Her eighth title here – only Martina Navratilova has won a more – and a place alongside Margaret Court at the summit of the all-time lists with 24 major titles awaits if he can hold her nerve in Saturday’s showpiece.

That perhaps is the big question come Saturday morning, considering her two previous Grand Slam finals since giving birth have gone the other way. If losing to an inspired Angelique Kerber here last year was one thing, it was another entirely to meltdown in the manner she did in defeat against Naomi Osaka at the US Open, being docked of first a point and then a game for coaching violations and racket abuse. Perhaps it may also have helped her to exorcise a few of those demons in a self-penned essay on the subject which appeared in Harpers’ Bazaar magazine only this week.

“I was calm today,” said Serena. “But it’s a day-to-day basis with me. We all know that. I’m far from perfect.

“I definitely feel like I play better when I’m calm,” she added. “But it’s definitely an effort. Not getting over-pumped, but at the same time not getting under-wound. I have to be in that right space.

“I don’t remember much about 12 months ago. I just remember I was tired and Angie played unbelievable. I was sad but also proud of myself. I did everything I could. Physically I just wasn’t there. But now I have to look at it in a different place. This whole year I have been trying to stay fit so I can be able to play in Grand Slams.”

Is this Saturday the day that everything falls into place and Serena takes her place at the summit of the all-time lists? Perhaps, but those fiendish tennis Gods have pitted her against perhaps the only player right now who seems capable of upsetting the applecart.

It may have been a surprisingly straightforward 6-1, 6-3 victory saw Romania’s Simona Halep past the challenge of Ukraine’s Elina Svitolina and through to her first Wimbledon final, but this 27-year-old is also a new and improved version from the one which tumbled to Eugenie Bouchard in her only previous SW19 semi-final.

Armed with her first Grand Slam title, the 2018 French Open, there is a steeliness about this Romanian which was demonstrated when she crushed Coco Gauff’s dream earlier in this tournament. While she has won just one of her ten meetings against Williams to date – way back at Indian Wells in 2015 – this talented returner and baseline battler is one of the few players on the tour who will fancy her chances of returning Serena’s mighty serve. Working with Andy Murray’s former psychologist, Alexis Castorri, helps.

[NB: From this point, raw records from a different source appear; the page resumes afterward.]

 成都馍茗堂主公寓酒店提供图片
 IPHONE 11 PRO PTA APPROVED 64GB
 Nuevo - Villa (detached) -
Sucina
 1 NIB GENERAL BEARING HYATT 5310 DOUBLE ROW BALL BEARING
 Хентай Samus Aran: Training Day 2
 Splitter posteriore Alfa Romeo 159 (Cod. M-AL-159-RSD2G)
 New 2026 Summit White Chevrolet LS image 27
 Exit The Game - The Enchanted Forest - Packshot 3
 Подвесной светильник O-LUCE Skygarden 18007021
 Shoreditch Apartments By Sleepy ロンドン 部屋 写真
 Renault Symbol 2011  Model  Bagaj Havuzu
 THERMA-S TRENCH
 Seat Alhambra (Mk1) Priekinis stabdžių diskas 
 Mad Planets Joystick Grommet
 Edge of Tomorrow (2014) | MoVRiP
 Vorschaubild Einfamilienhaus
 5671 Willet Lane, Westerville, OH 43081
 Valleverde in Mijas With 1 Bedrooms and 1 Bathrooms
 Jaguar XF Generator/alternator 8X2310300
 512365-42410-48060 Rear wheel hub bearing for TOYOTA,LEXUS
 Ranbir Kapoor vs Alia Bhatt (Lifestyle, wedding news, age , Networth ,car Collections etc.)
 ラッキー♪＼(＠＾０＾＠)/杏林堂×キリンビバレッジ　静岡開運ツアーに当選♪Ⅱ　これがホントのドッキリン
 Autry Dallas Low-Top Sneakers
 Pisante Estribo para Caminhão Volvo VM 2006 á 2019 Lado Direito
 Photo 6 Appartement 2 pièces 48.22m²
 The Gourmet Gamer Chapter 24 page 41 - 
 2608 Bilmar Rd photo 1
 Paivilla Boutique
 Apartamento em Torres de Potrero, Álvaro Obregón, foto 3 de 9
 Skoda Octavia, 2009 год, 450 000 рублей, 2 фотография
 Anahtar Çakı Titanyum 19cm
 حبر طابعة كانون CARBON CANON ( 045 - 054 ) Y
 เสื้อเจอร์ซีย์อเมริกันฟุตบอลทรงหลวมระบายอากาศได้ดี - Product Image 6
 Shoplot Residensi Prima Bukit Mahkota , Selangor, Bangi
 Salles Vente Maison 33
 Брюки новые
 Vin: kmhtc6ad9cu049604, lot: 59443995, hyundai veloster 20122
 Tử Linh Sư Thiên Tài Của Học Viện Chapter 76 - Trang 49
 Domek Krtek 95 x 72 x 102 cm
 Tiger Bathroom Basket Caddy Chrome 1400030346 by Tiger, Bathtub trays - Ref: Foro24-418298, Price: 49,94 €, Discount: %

“I have played many matches against her,” said Halep. “Many of them were very close. I have learned that I have the chance to win against her. Of course, I respect a lot what she has done and what she’s doing. But now I feel stronger mentally facing her.

“I’m desperate to win Wimbledon more than to stop her. I will focus on myself. I’m not thinking about her record. Of course, it is huge. But her records are huge already.”

Deriving inspiration also from her long-term coach Darren Cahill, who is back in her box in an advisory role, Halep has dropped just one set all fortnight. Already the first Romanian woman to reach the final, she won’t be overawed when it comes to the showpiece. But the vibe is subtly different to last year Serena said that she had played ‘for all the mothers out there’. “This year I’m just playing for me,” she said.